Wettedadal 13


  • De grote mantelmeeuw is een predator. Hij kan op de eenden vallen die op het water zitten om ze te verdrinken en daarna op de peuzelen. De kleine mantelmeeuw heeft groengele poten. De grote mantelmeeuw heeft roze poten.

Grote mantelmeeuw: roze poten

Kleine mantelmeeuw: groengele poten

  • De zoutgrens van de Schelde loopt tot ongeveer Kruibeke. Men kan dat goed opmerken aan de lengte van het riet op de oever: hoe minder zout hoe hoger het riet. En dat kan oplopen tot ongeveer 3 meter. Natuurpunt zorg ervoor dat het riet, maar ook de kleine waterwilgjes, om de 5 jaar wordt gemaaid in de door hen beheerde gebieden langs de oever. Dit om te voorkomen dat er een wilgenwildgroei ontstaat.

Discussiepuntje: ofwel laat men de natuur zijn gang gaan ofwel komt de mens overal tussen. Wat vind jij?

  • Binnendijks betekent de grond naar het binnenland toe.

Buitendijks betekent naar de rivier of de zee toe.

  • Steendorp ligt op een cuestarug. Een uitloper van de cuesta van Boom. ‘t Is te zeggen op klei uit het tertiaire tijdperk uit de periode dat er hier nog zee was.

Men won de klei om er stenen van te bakken voor de huizenbouw. Evenals in Boom trouwens. Maar ook voor het aanleggen van de dijken.

  • De zaadjes van de bosrank zijn meegekomen met het vervoer van breuksteen uit de Ardennen.
  • Het Groot Schoor in Bornem werd gevormd door de zomerdijk van de Schelde in de winter te laten overlopen tot aan de winterdijk.

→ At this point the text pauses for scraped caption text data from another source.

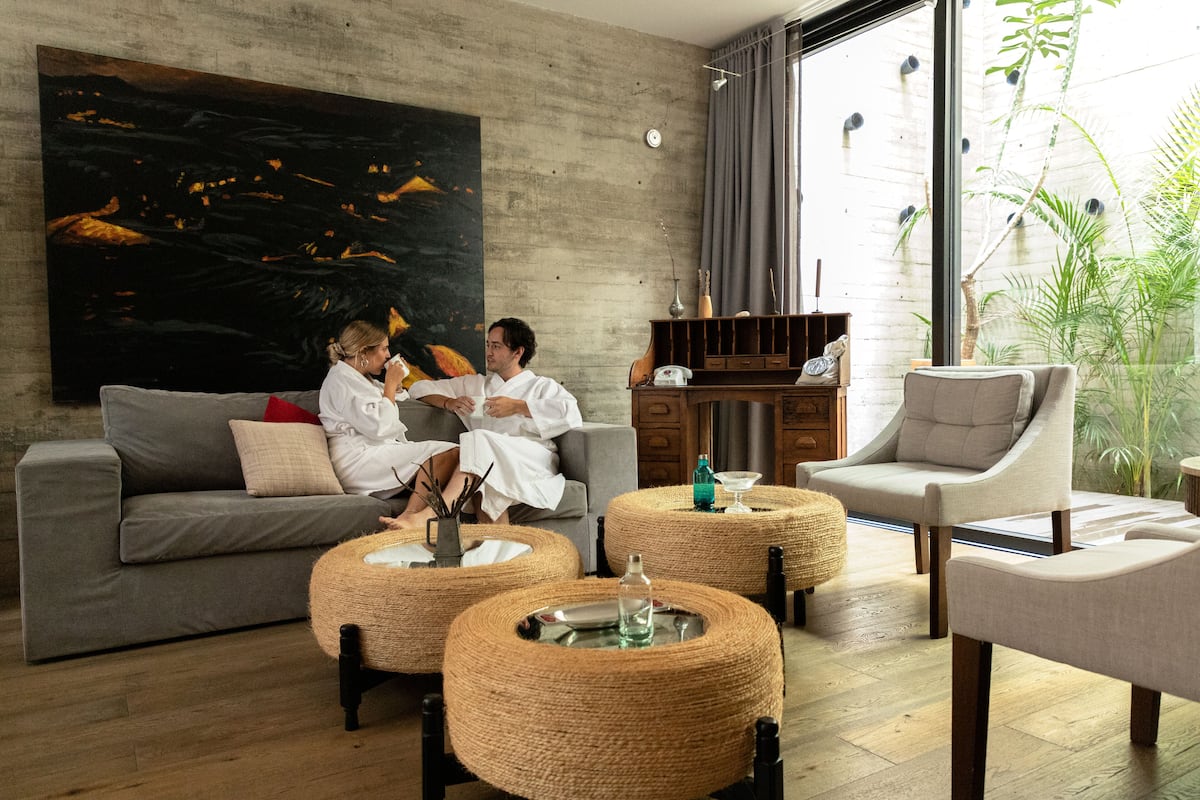 A modern living room with a grey sofa, two round wicker ottomans, a white armchair, and a large abstract painting on the wall.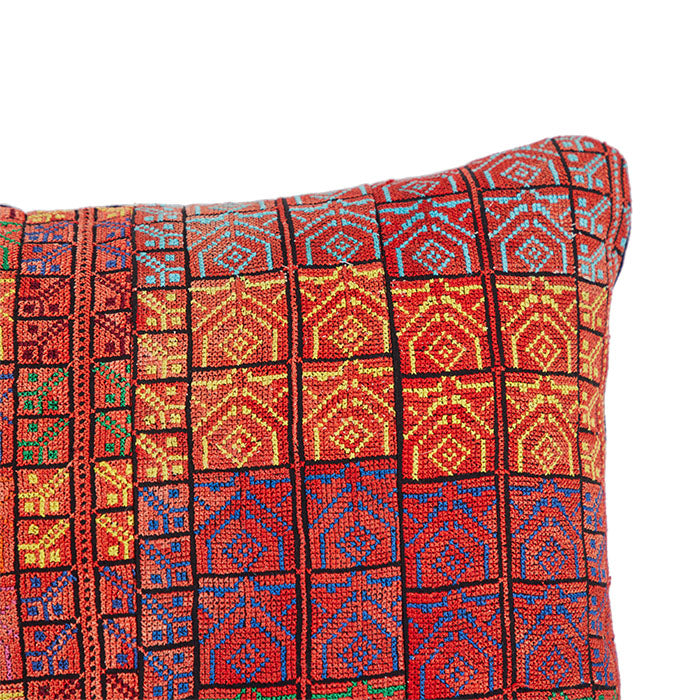 (CORNER DETAIL) Levantine Needlepoint Embroidery Throw Pillow. Cotton floss petit point embroidery on cotton with black linen back. Invisible zipper closure and feather and down fill. 14" x 21"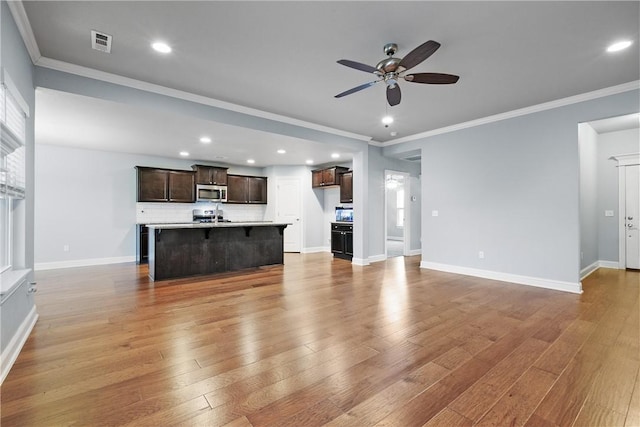 unfurnished living room with ceiling fan, ornamental molding, and light hardwood / wood-style floors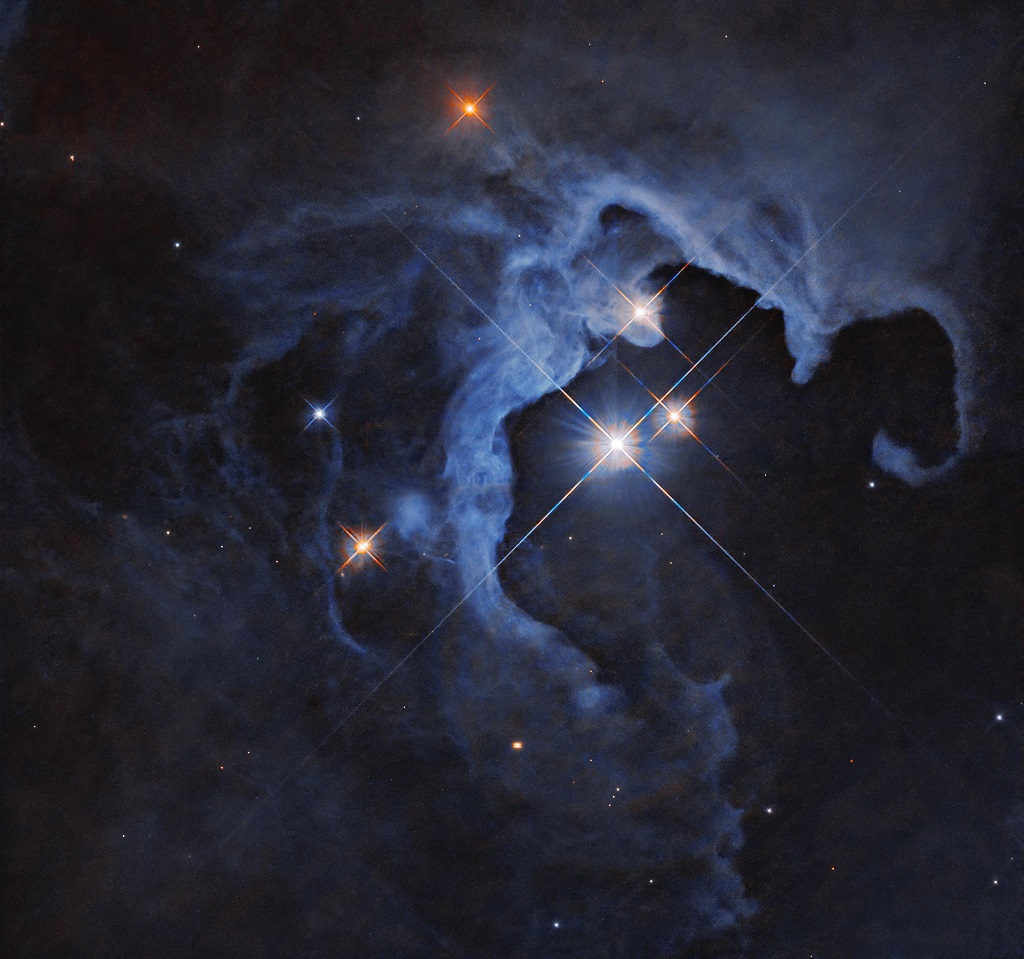 This fantastic image is Hubble's new artwork, released on 15 May 2024, which shows a bright triple star system surrounded by a blue reflection nebula.

HP Tau, the topmost and youngest one of the triangle (the other two are: HP Tau G2 and HP Tau G3), appears to be wrapped within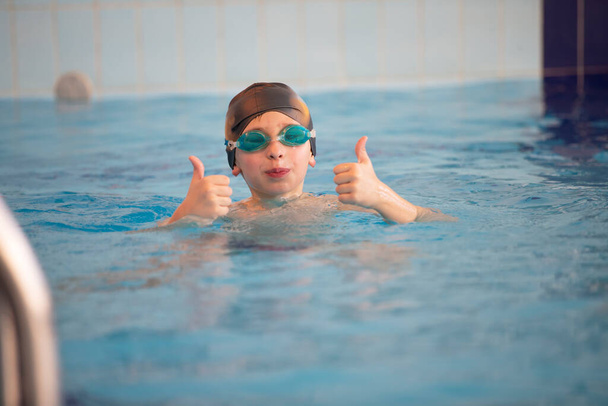Niño con gorra de baño y gafas de baño en la piscina. El niño se dedica a la sección de natación. - Foto, Imagen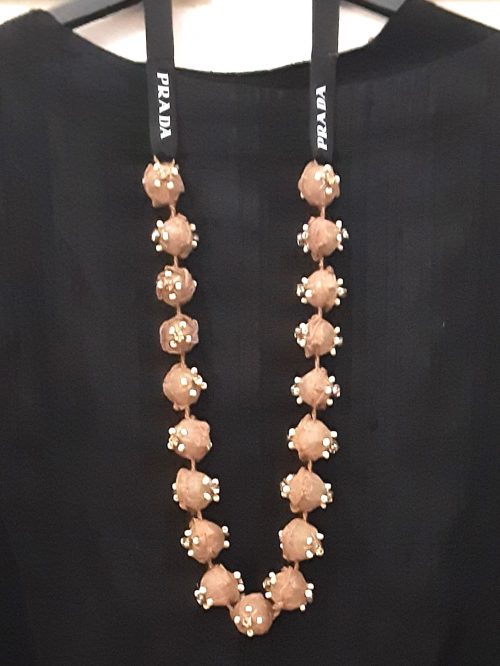 Prada beaded necklace on dress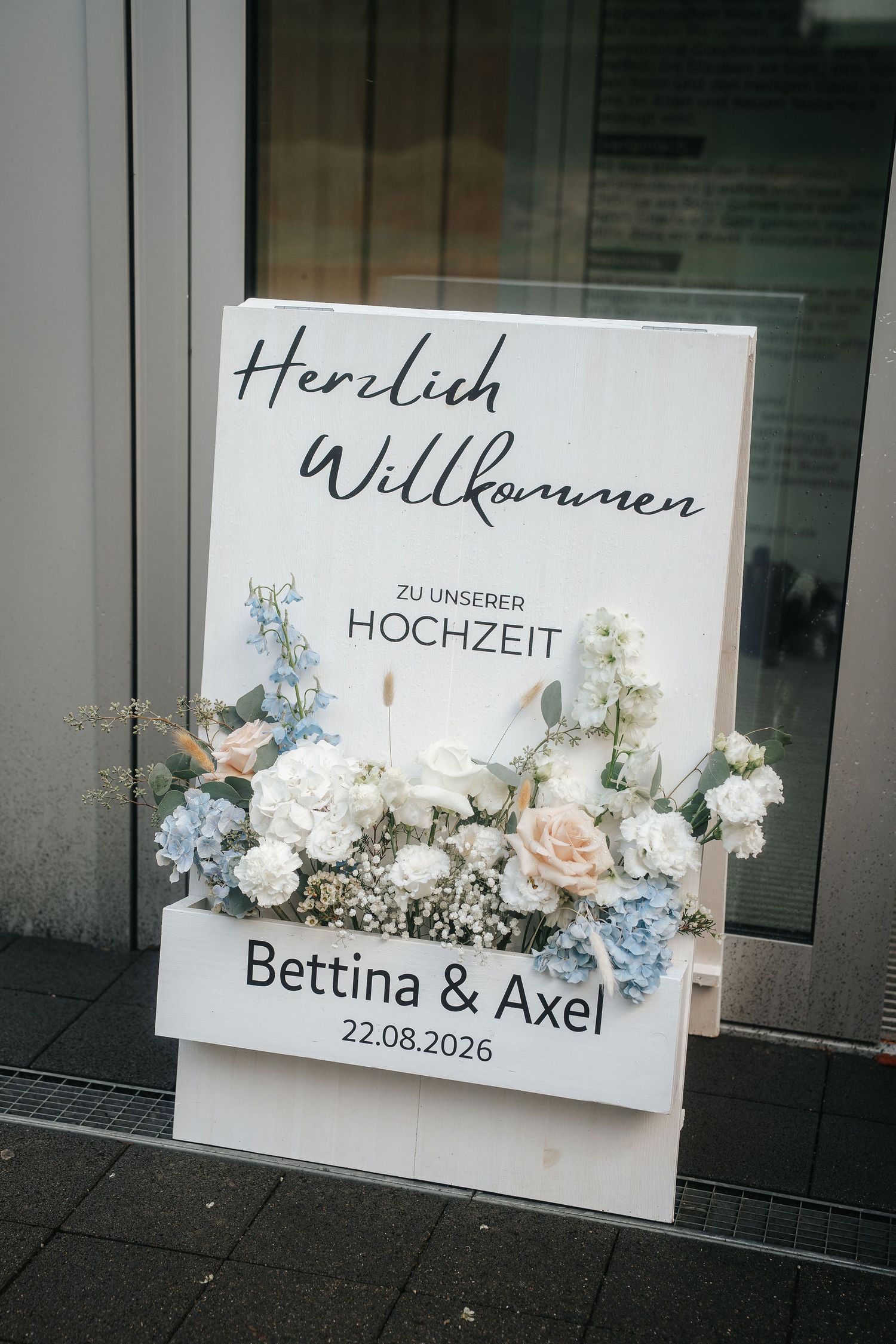 Wooden German wedding welcome sign for Bettina & Axel dated 22.08.2026, decorated with blue, white and peach flowers outside a glass door.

Die lag wat hoger dan de zomerdijk zodat het water er in een grote kom bleef staan en er vruchtbaar slib kon achterlaten. Men is nu (2025) al een paar jaar bezig om nieuwe dijken aan te leggen voor permanente bevloeiing.

Het zal bijgevolg tweemaal per dag volledig onderlopen bij hoog water. Bij laag water zullen steltlopers, eenden, ganzen en andere vogels komen zoeken naar voedsel in het slib van het slik, de schorren en de platen. Het voedsel kan bestaan uit allerlei soorten kleine bodemdiertjes, maar ook plantjes.

Een slik loopt 2 maal per dag onder telkens bij hoog water en een schor 2 maal per maand, alleen maar bij springtij.

Een plaat komt bloot langs de oevers bij laag water.

Een moerasbos bestaat voornamelijk uit elzen en populieren. Vroeger waren er in de streek van Klein – Brabant veel mandenmakerijen. Wijmen zijn gecultiveerde takken van wilgen en werden gekapt langs de oever van de Schelde. Ze werden manueel verwerkt tot aardappelmanden, wiegen, honden- en kattennesten, maar ook tot zetels en valiezen.

Bornem was een centrum van de mandenmakerij. Meer dan de helft van de mannen waren mandenmakers.

  • Populieren oogst men na ongeveer 25 jaar. Ze zijn gekloond of gestekt en bijgevolg gevoelig voor ziektes: de bladeren vallen dan snel af. Populierenhout heeft geen smaak of reuk. Vandaar dat het hout veel in de voedingsindustrie wordt gebruikt voor bakjes voor sinaasappelen enz.
  • De bessen van de Gelderse roos stinken niet alleen maar zijn ook niet smakelijk voor de vogels. Ze zijn ook giftig.
  • De Japanse duizendknoop werd in de 18e eeuw binnen gebracht voor decoratie. Het is echter een woekeraar in het wild en overwoekert de oorspronkelijke vegetatie.

Men heeft lang geprobeerd deze plant uit te roeien maar tevergeefs. Hij wordt veel gebruikt bij het bloemschikken.